*** The data

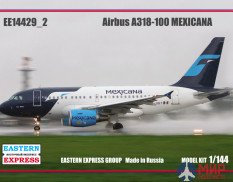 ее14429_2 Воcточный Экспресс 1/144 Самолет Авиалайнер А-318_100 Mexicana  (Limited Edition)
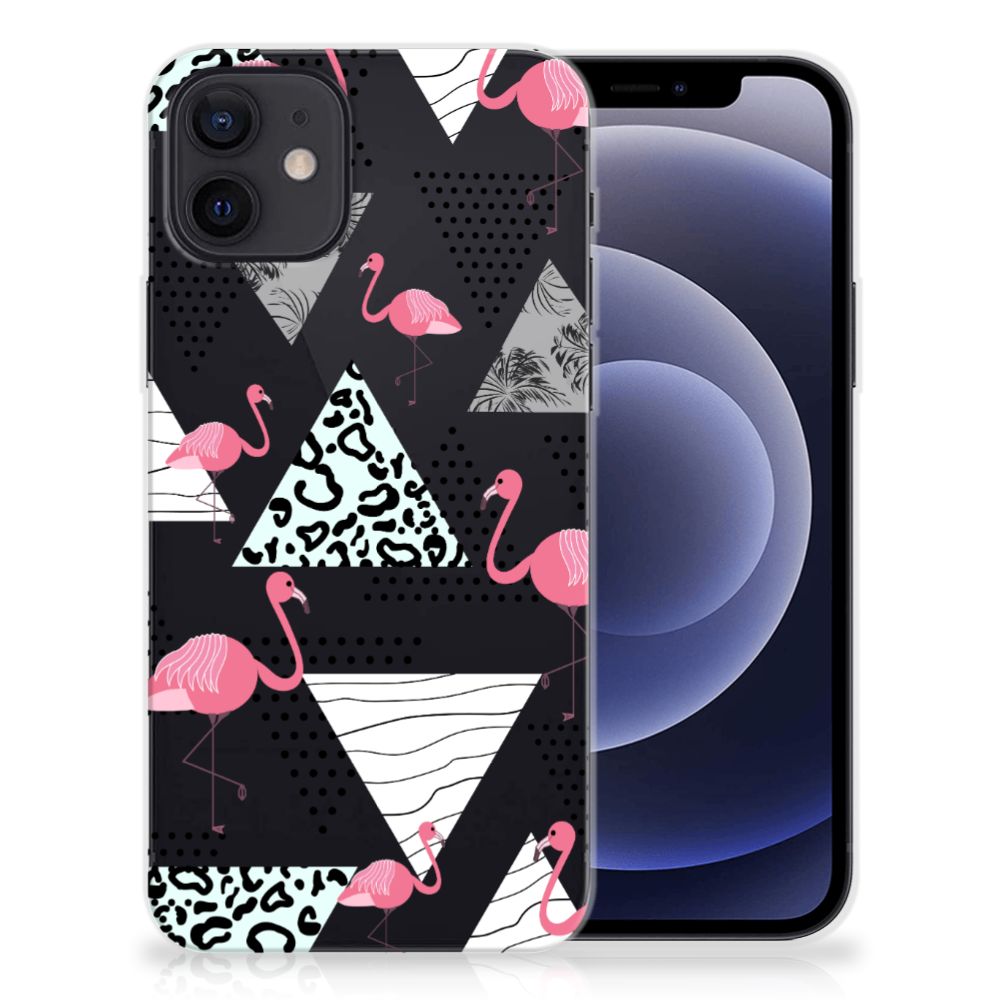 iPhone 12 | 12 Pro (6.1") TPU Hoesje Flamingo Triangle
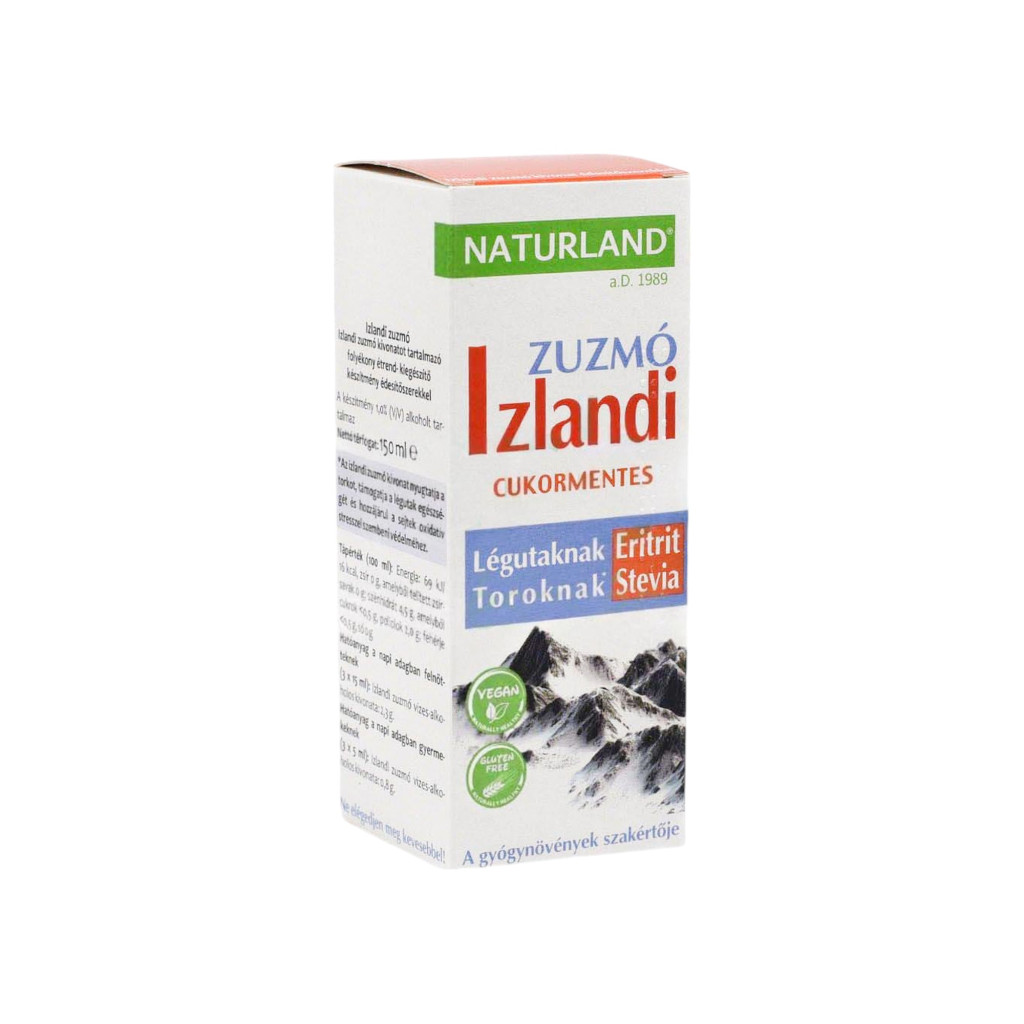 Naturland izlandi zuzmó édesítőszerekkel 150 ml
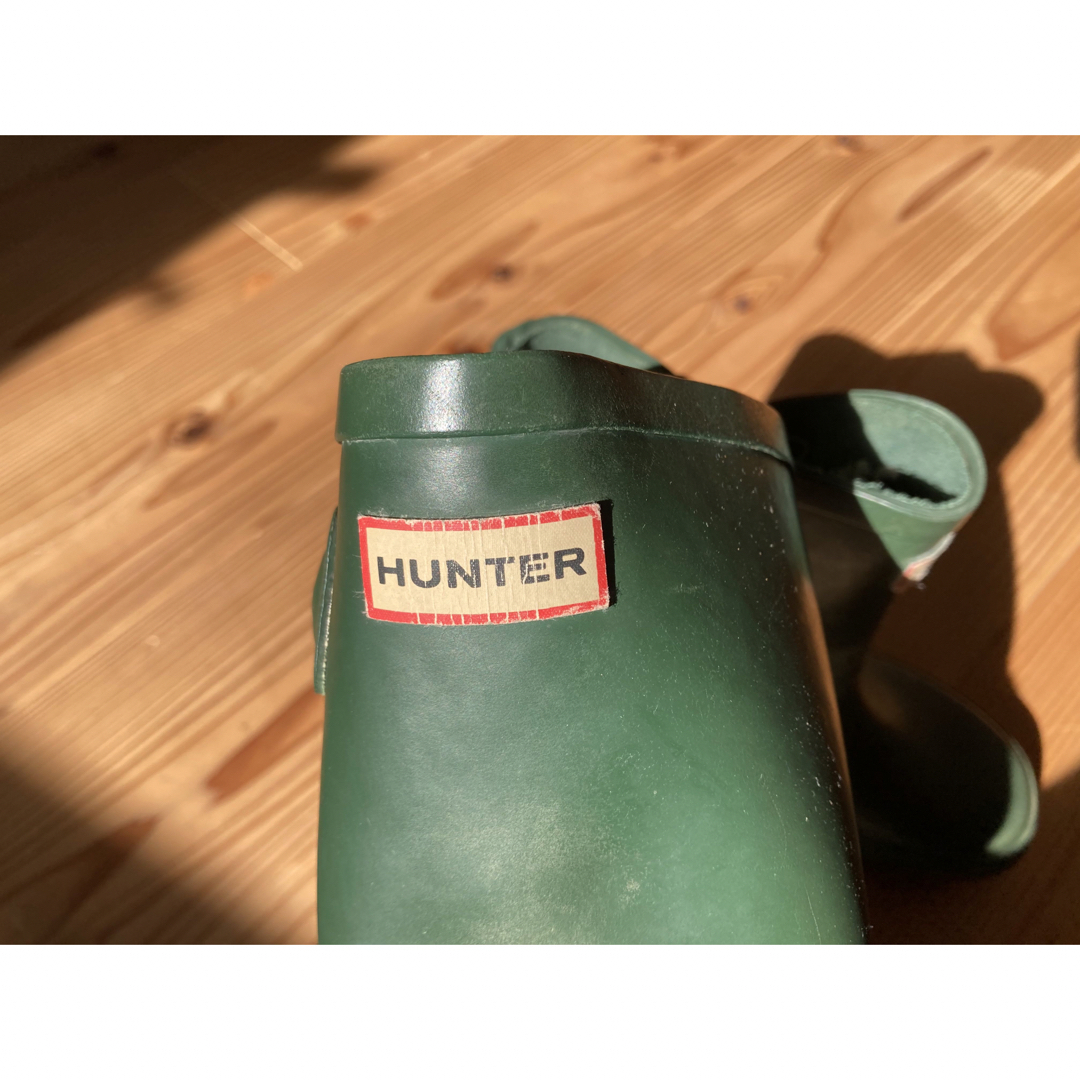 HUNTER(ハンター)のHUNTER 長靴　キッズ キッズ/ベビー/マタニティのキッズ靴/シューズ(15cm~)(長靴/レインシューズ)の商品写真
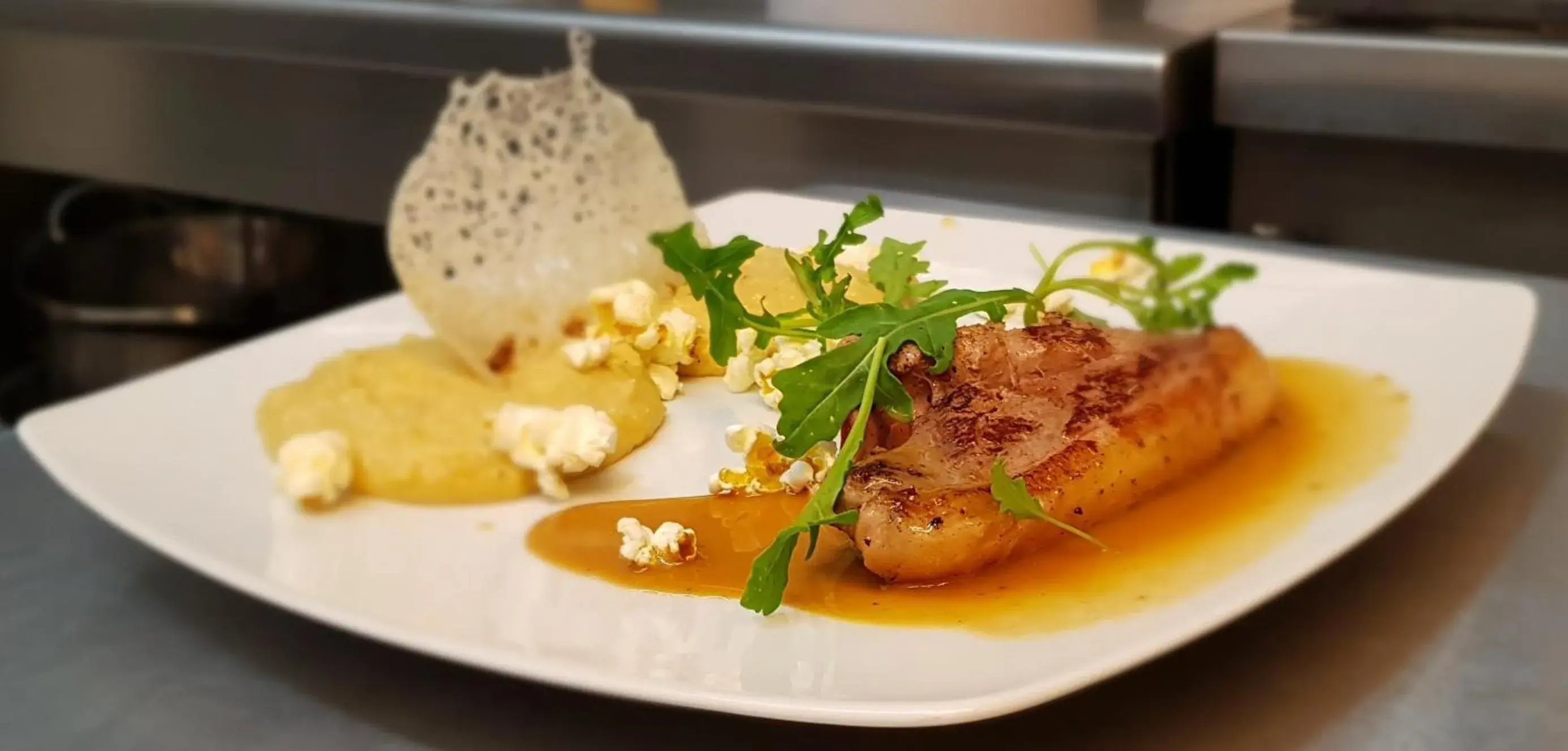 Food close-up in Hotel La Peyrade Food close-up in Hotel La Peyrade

******

### What is expected
Begin at the line containing "Naturland izlandi zuzmó" and transcribe exactly every line through the end of the records, both ends included, leaving the pictures out.

### Written reply
 Naturland izlandi zuzmó édesítőszerekkel 150 ml
 HUNTER(ハンター)のHUNTER 長靴　キッズ キッズ/ベビー/マタニティのキッズ靴/シューズ(15cm~)(長靴/レインシューズ)の商品写真
 Food close-up in Hotel La Peyrade Food close-up in Hotel La Peyrade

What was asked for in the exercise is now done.